» **Supplied data**:
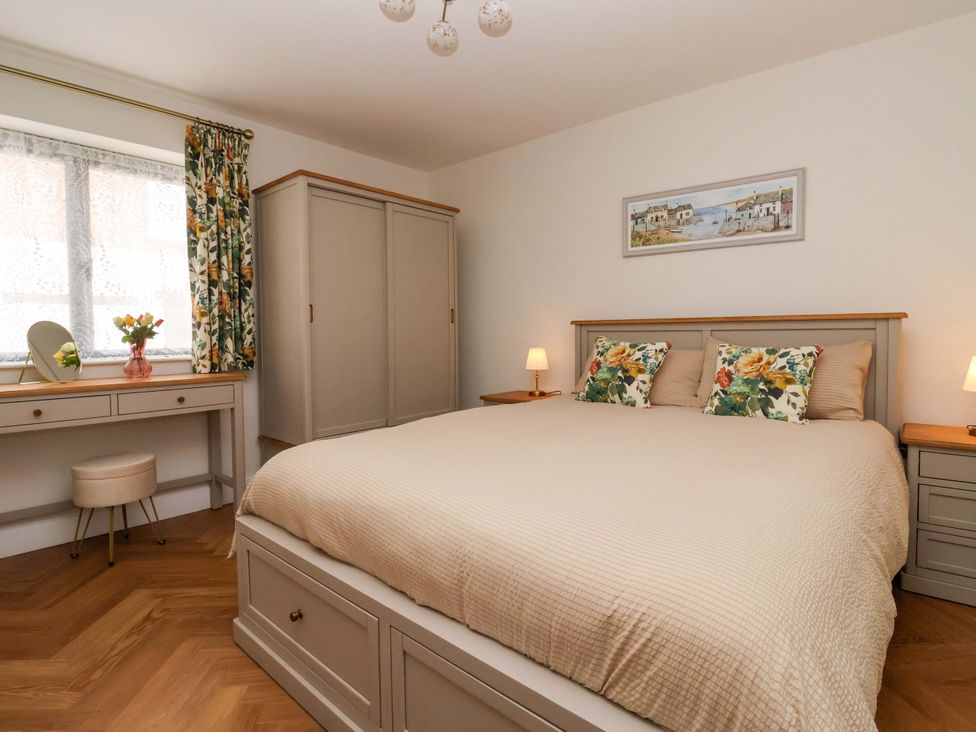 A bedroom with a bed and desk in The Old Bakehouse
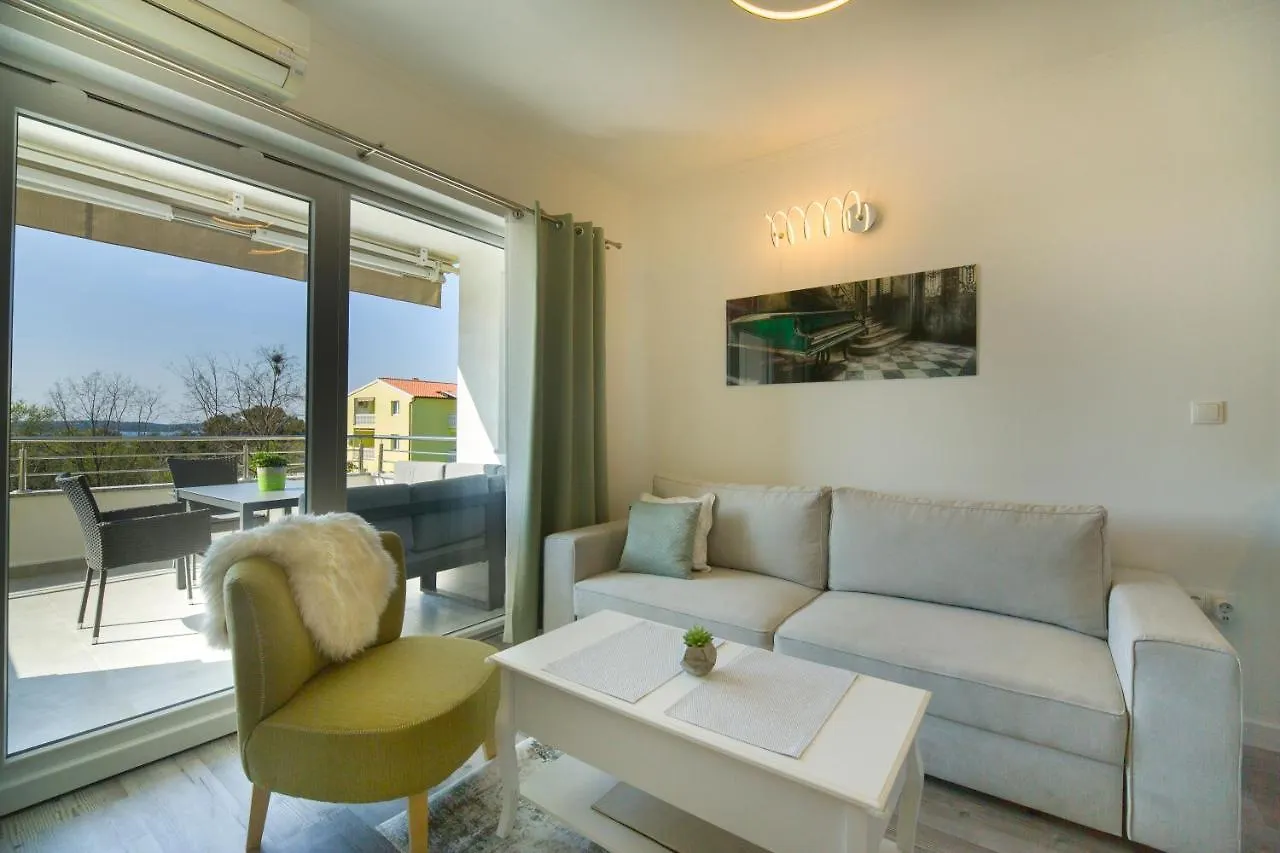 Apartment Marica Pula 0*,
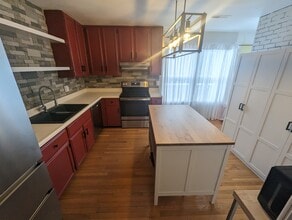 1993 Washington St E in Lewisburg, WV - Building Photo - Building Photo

» **Work required**: Copy the data word for word and omit every picture.

» **Answer area**:
 A bedroom with a bed and desk in The Old Bakehouse
 Apartment Marica Pula 0*,
 1993 Washington St E in Lewisburg, WV - Building Photo - Building Photo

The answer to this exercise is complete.